- Leader: Sakwiba Sikota
- Founded: July 2006
- Ideology: Liberalism

= United Liberal Party (Zambia) =

Political party in Zambia

The United Liberal Party (ULP) is a political party in Zambia.

==History==

The ULP was formed in July 2006 by Sakwiba Sikota (who was the Livingstone MP) after he lost the United Party for National Development (UPND) leadership contest in the aftermath of the death of the UPND founder, Anderson Mazoka. The ULP did not nominate a presidential candidate for the September 2006 general election, with the party president, Sikota, opting to retain his seat as the member of parliament for Livingstone. At this election, Sikota was re-elected as the Livingstone MP and the party received 2.4% of the National Assembly vote, winning three seats in parliament, with the other two seats being Lukulu West and Lukulu East.

The party supported the Movement for Multi-Party Democracy's Rupiah Banda in the 2008 presidential by-election and 2011 general election, even though he was unpopular. At the 2011 election, the ULP did not win any seats in the National Assembly after receiving just 131 votes.

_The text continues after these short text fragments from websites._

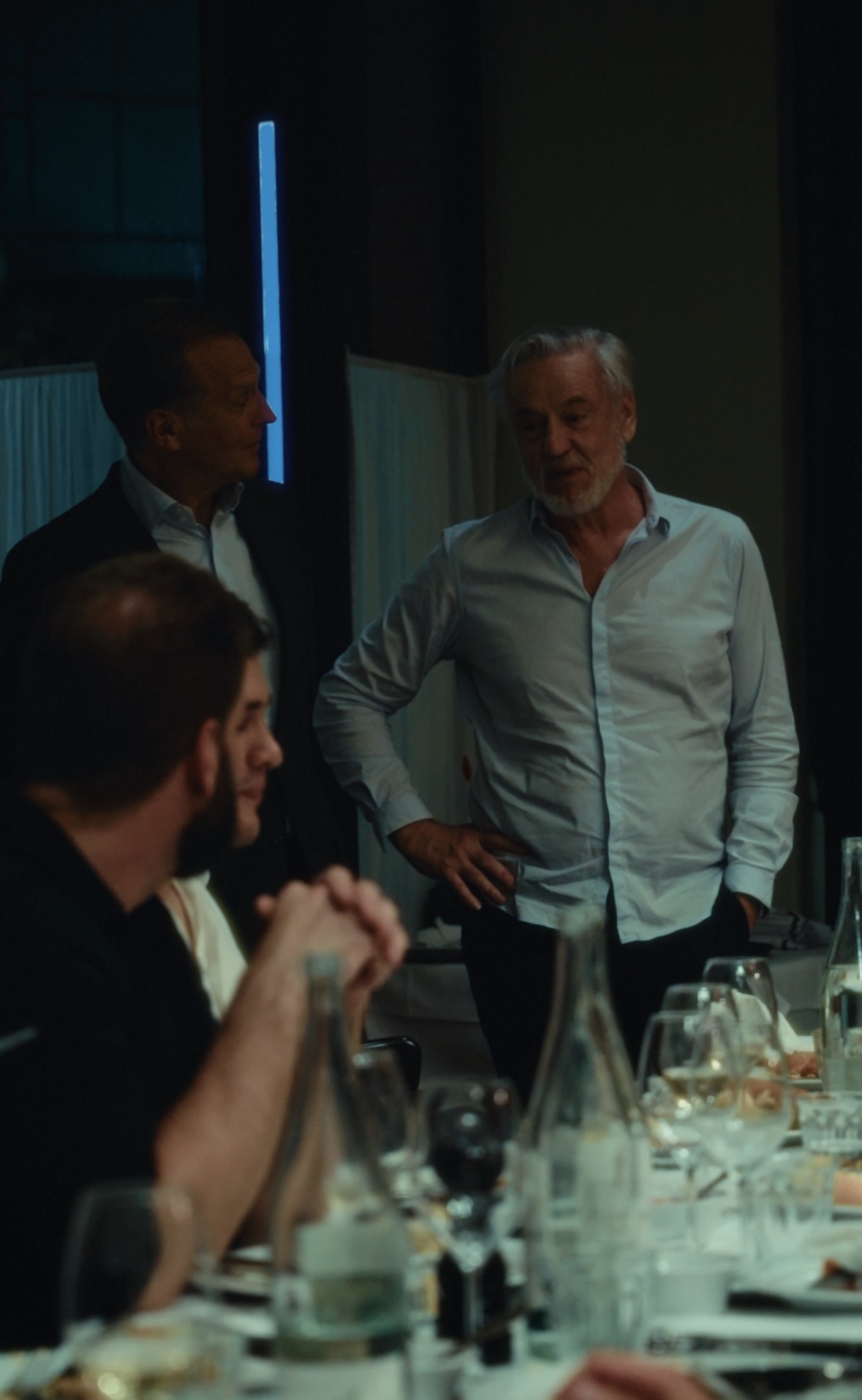 A guest addressing the table at a private dinner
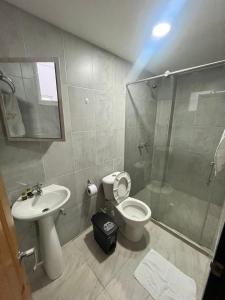 a bathroom with a shower and a toilet and a sink at Hotel Dorado San Luis in San Luis +17 photos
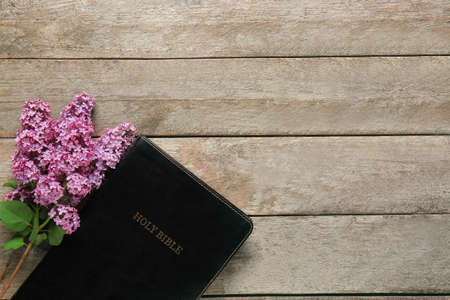 Holy Bible and flowers on wooden background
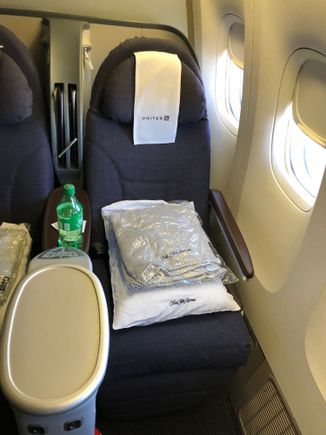 Home for the next 5.5 hours. Very pleased to see that United is still using Saks Fifth Avenue Bedding. Some of the most comfortable pillows in the sky. 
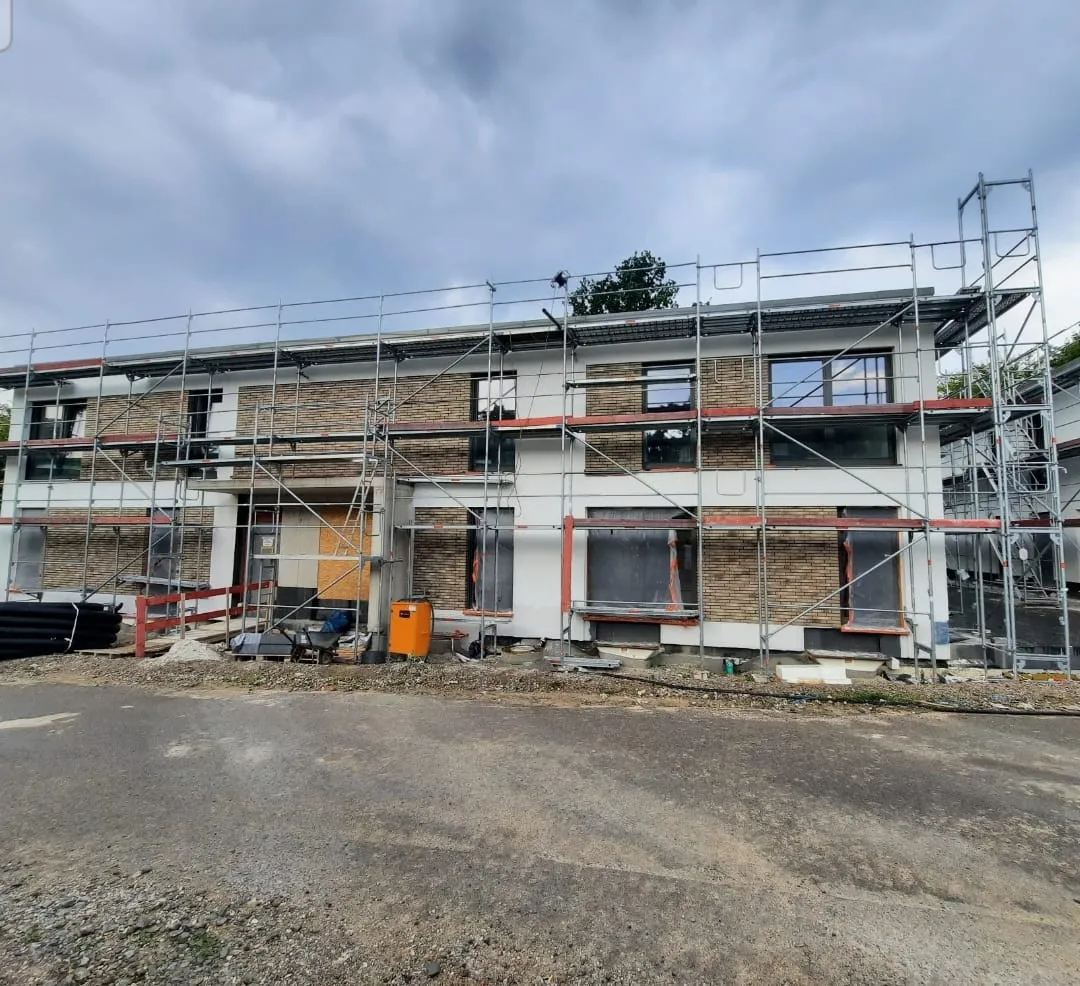 Haus mit weißer Wand, beigen Klinkersteinen und einem Baugerüst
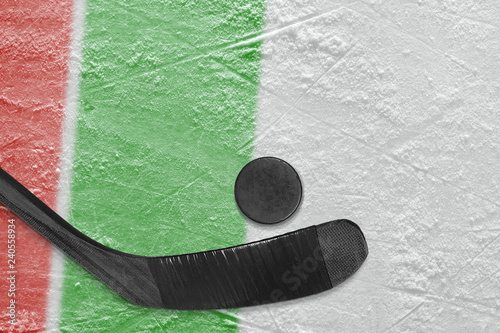 Hockey stick, puck and ice arena fragment with red and green lines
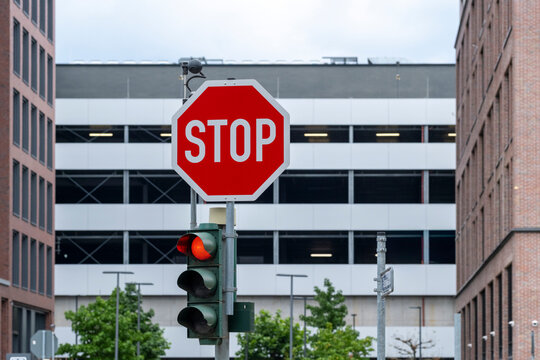Urban intersection with red stop sign highlights street traffic control road safety and regulation against modern building backdrop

In early 2024, the ULP joined the United Kwacha Alliance (UKA), an alliance of political parties, with party president Sakwiba Sikota appointed as the alliance chairperson. In December 2025, the ULP was one of the parties that founded the We are One Zambia Alliance (WOZA), also an alliance of political parties, with Sikota as the alliance chairperson. On 4 May 2026, WOZA merged into the Tonse Alliance.

== Ideologies ==
On 6 June 2012, the ULP signed onto a letter titled “Open Letter to International Donor Community to Zambia,” which argues that the sitting president at the time, President Michael Sata and the Patriotic Front caused Zambia to enter a crisis severe enough for the donor community to distrust the government’s ability to manage funds caused by nepotism. By co-signing on this letter, the ULP took a stance against corrupt policies enforced by Sata. For example, Sata often hired his relatives for positions of power, such as appointing his nephew, Alexander Chikwanda, as the minister of finance, and his other nephew, Miles Sampa, as the Deputy Minister of Finance. In addition, they have beliefs rooted in the importance of maintaining the integrity of Zambia’s checks and balances system, as the address that they co-signed expresses concern about how Sata had weakened the legislative branch. Sakwiba Sikota was the representative of the ULP that signed onto the letter.